Sbagliato pensare che il problema non esiste perché tanto c’è lo Stato che paga la transizione all’economia green. Non ci sono pasti gratis. Lo stato ha un ruolo fondamentale nell’indirizzare, promuovere e facilitare questa transizione. Ma tutti gli investimenti pubblici nell’economia green devono aumentare stabilmente la produttività e la crescita del paese, per poter generare il gettito fiscale necessario a rendere sostenibile il debito fatto per finanziarli.
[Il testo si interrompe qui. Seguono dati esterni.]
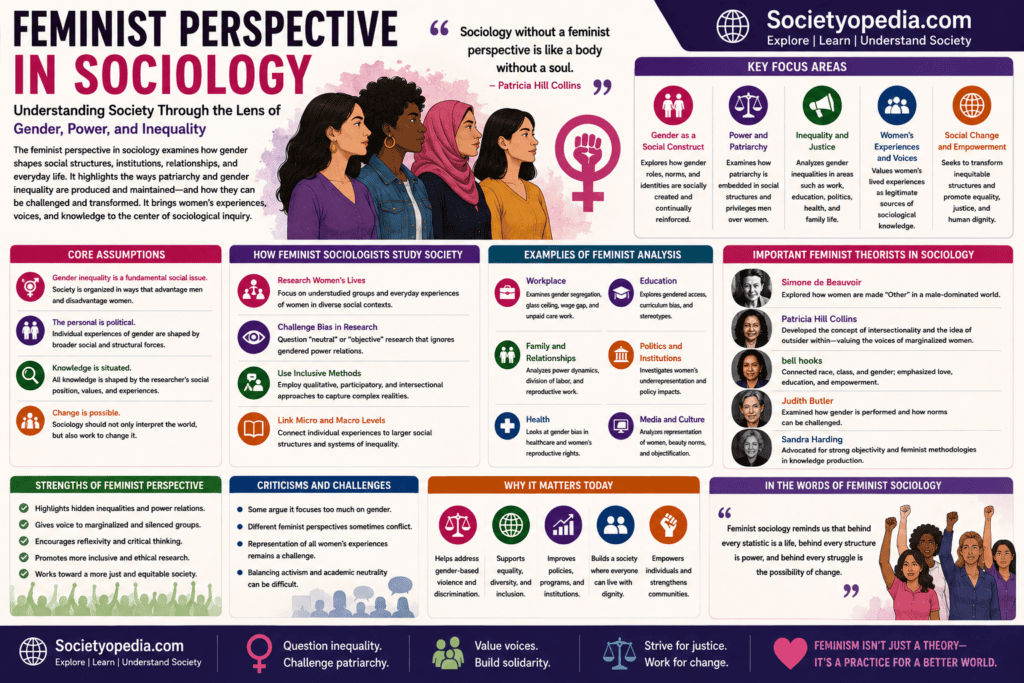 Feminist Perspective in Sociology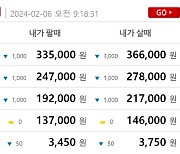 금시세(금값) 6일 0.057%↓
Da questo punto di vista preoccupa che il governo voglia assegnare le risorse per l’ambiente del Next Generation Eu privilegiando le imprese di cui è azionista (come Eni, Enel, Terna, Ilva o Snam), anche per progetti che potrebbero essere benissimo finanziati sul mercato: oltre a essere un indebito aiuto coi soldi del contribuente, spiazzerebbe altre iniziative meritorie. E fa sorgere il sospetto che il governo utilizzi i fondi europei per migliorare il pedigree ambientale delle società di cui è azionista, e la reputazione di manager di sua nomina, che magari hanno anche contribuito a decidere su come allocare quei fondi.